TRY IT
Below are the records; give again exactly the lines from the one containing "Building Photo - 8206 Montridge Dr" through the one containing "VW Beetle 209.832 km 4.000 € Grimma 04668", leaving out pictures.
(Beginning of INPUT FOR THIS TASK)
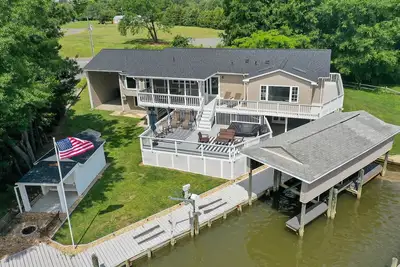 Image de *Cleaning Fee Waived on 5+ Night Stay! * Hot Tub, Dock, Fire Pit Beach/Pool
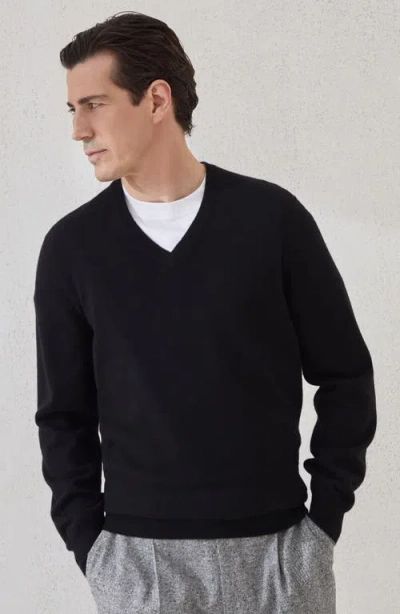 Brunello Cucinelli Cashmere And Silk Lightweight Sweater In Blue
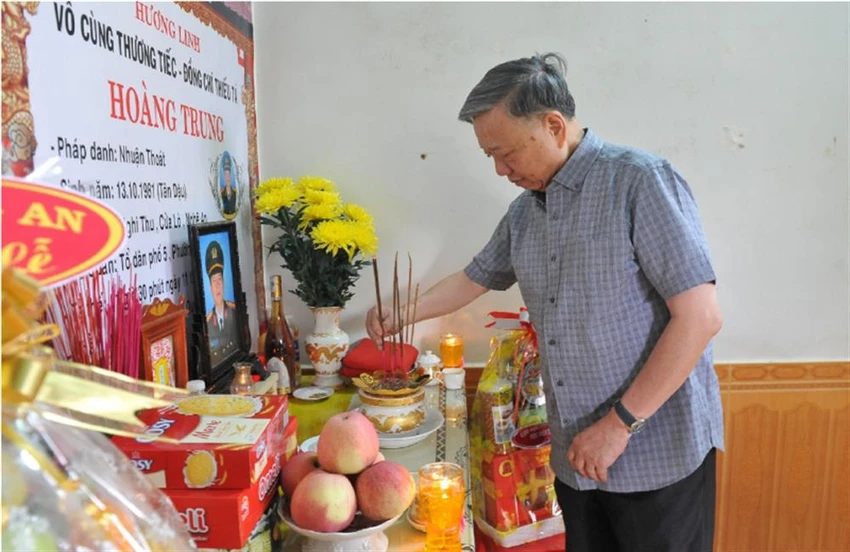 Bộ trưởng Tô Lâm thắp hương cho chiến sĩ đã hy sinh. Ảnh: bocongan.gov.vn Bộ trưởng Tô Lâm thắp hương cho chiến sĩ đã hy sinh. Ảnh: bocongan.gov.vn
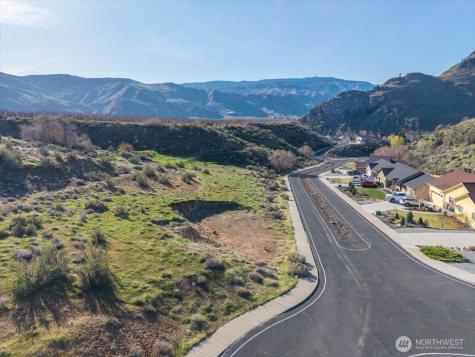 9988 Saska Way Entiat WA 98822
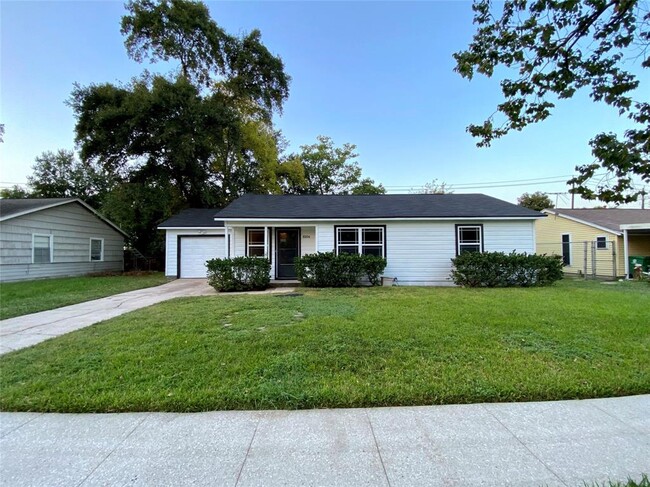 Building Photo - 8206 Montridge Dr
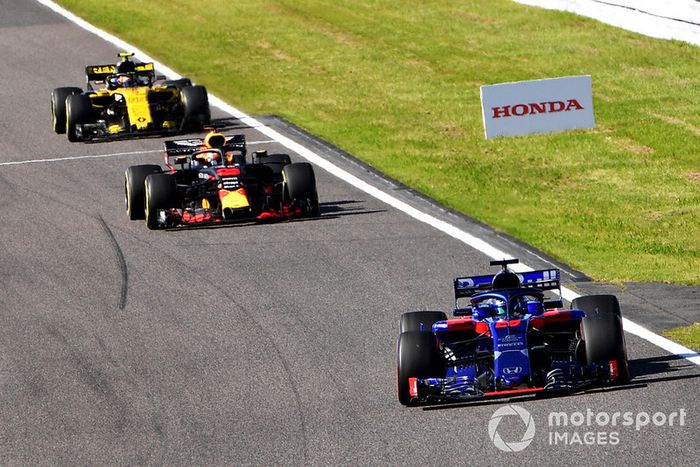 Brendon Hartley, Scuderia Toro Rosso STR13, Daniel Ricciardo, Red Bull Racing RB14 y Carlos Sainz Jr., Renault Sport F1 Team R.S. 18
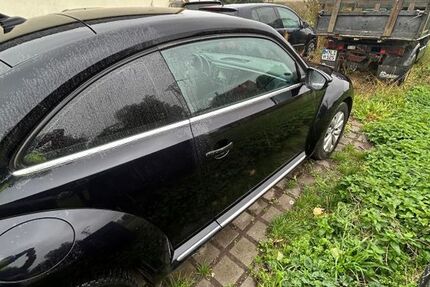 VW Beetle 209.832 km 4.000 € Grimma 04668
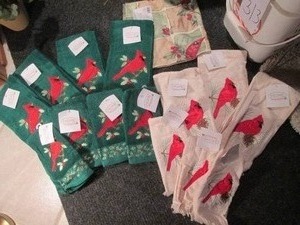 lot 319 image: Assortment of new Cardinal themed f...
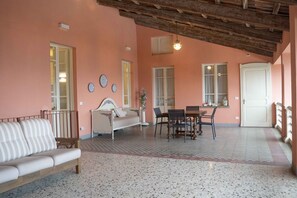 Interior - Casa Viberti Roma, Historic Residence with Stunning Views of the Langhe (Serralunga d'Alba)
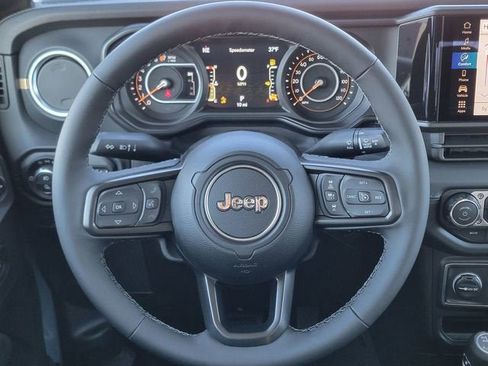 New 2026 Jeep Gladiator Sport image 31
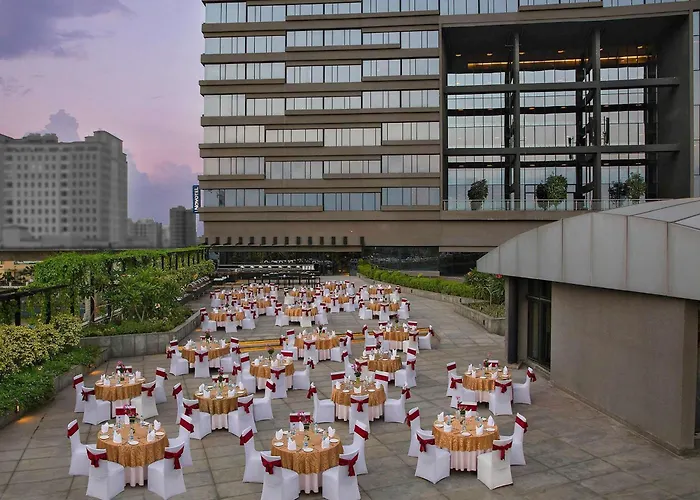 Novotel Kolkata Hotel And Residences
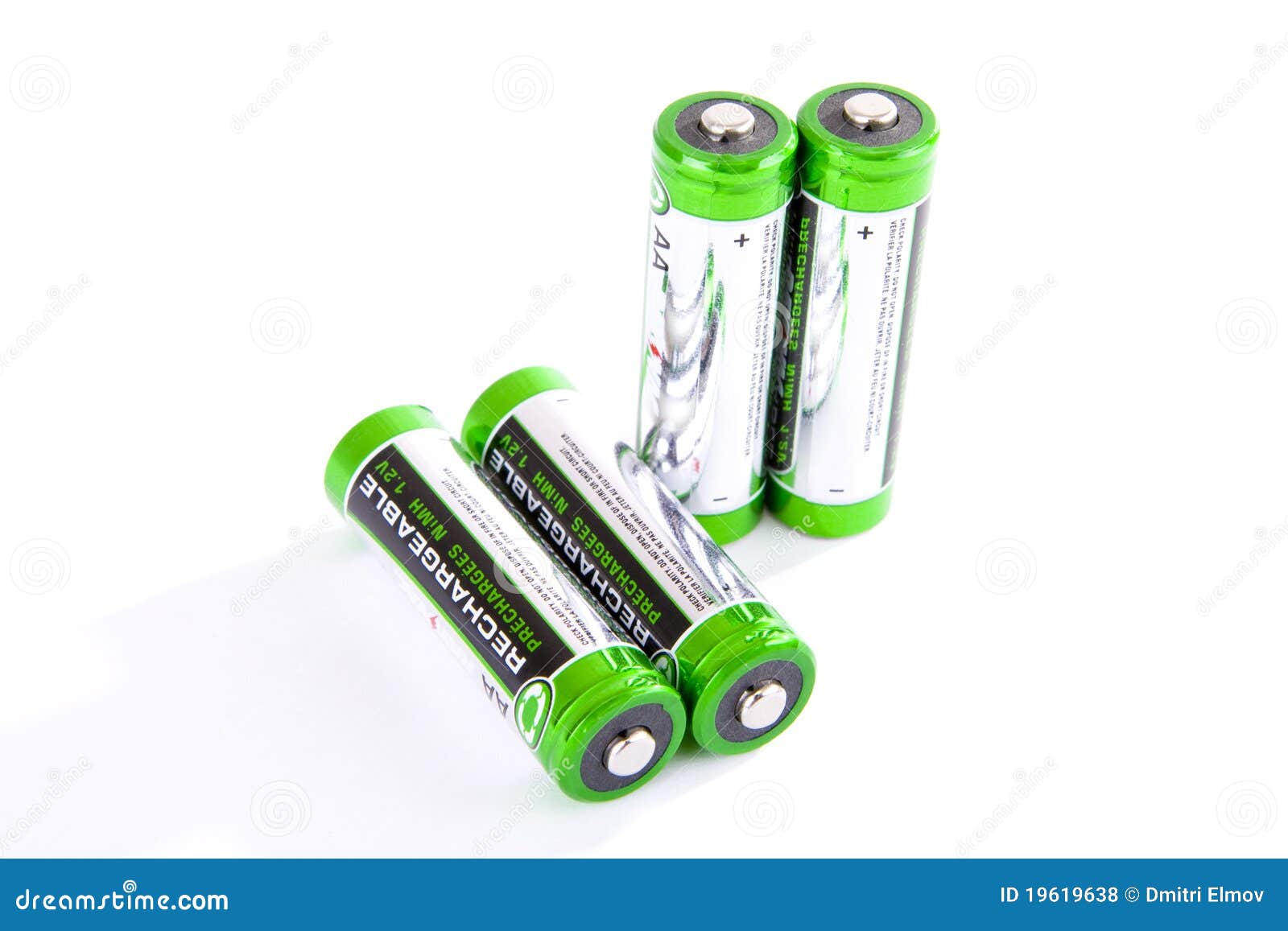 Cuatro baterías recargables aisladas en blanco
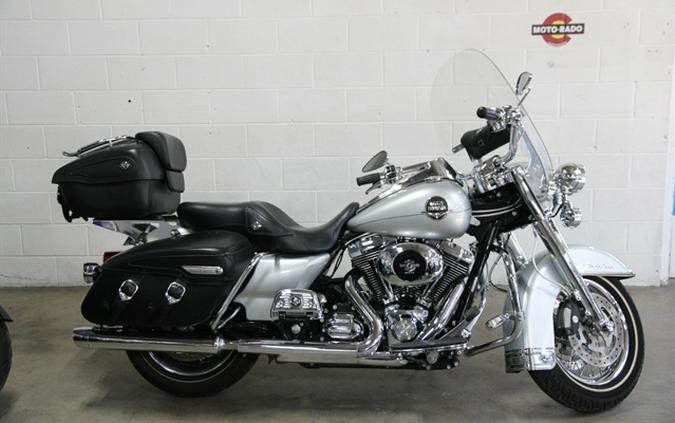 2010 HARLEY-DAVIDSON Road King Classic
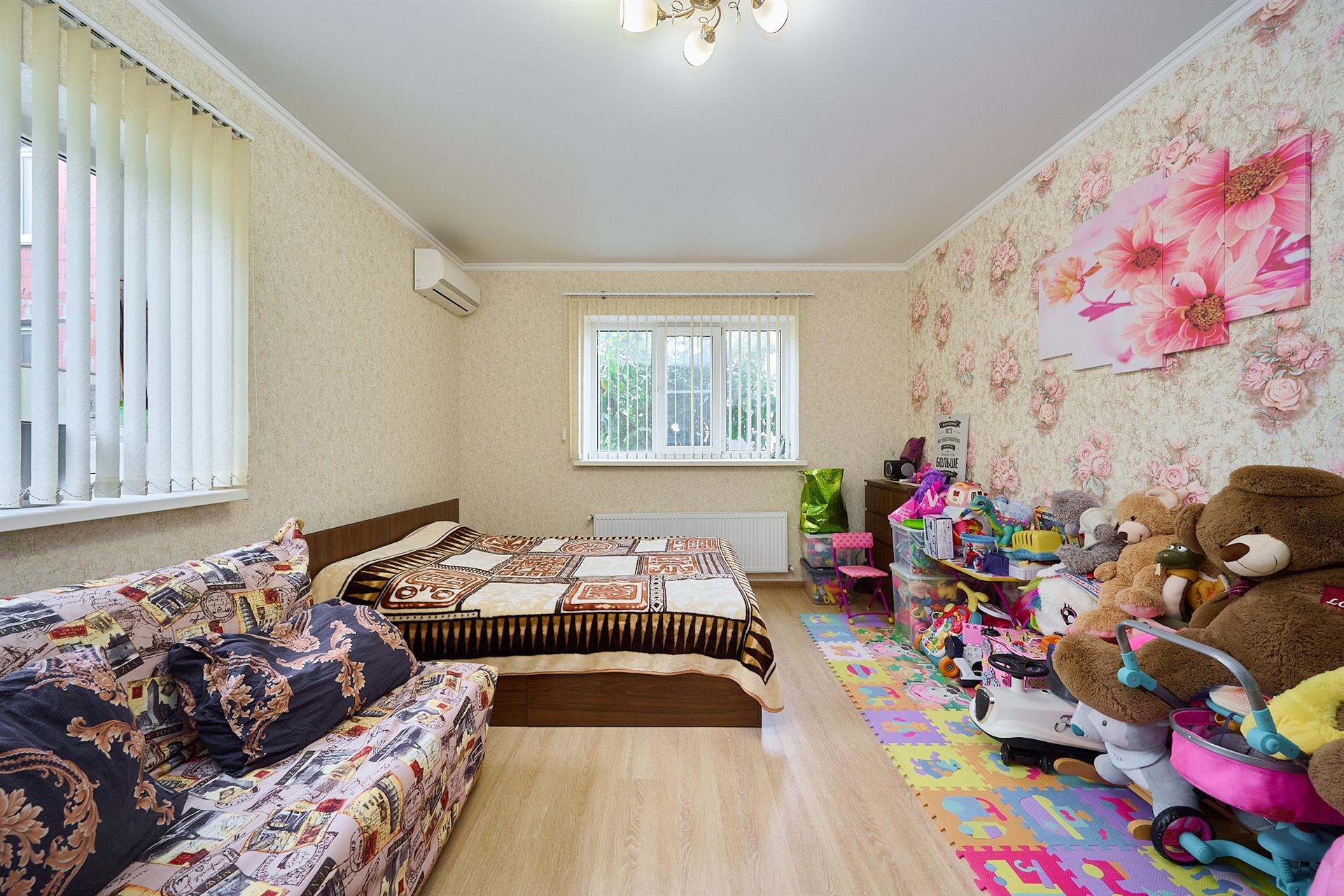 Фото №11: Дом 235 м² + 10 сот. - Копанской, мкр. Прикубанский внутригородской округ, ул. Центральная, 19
(End of INPUT FOR THIS TASK)
EXERCISE OUTPUT
 Building Photo - 8206 Montridge Dr
 Brendon Hartley, Scuderia Toro Rosso STR13, Daniel Ricciardo, Red Bull Racing RB14 y Carlos Sainz Jr., Renault Sport F1 Team R.S. 18
 VW Beetle 209.832 km 4.000 € Grimma 04668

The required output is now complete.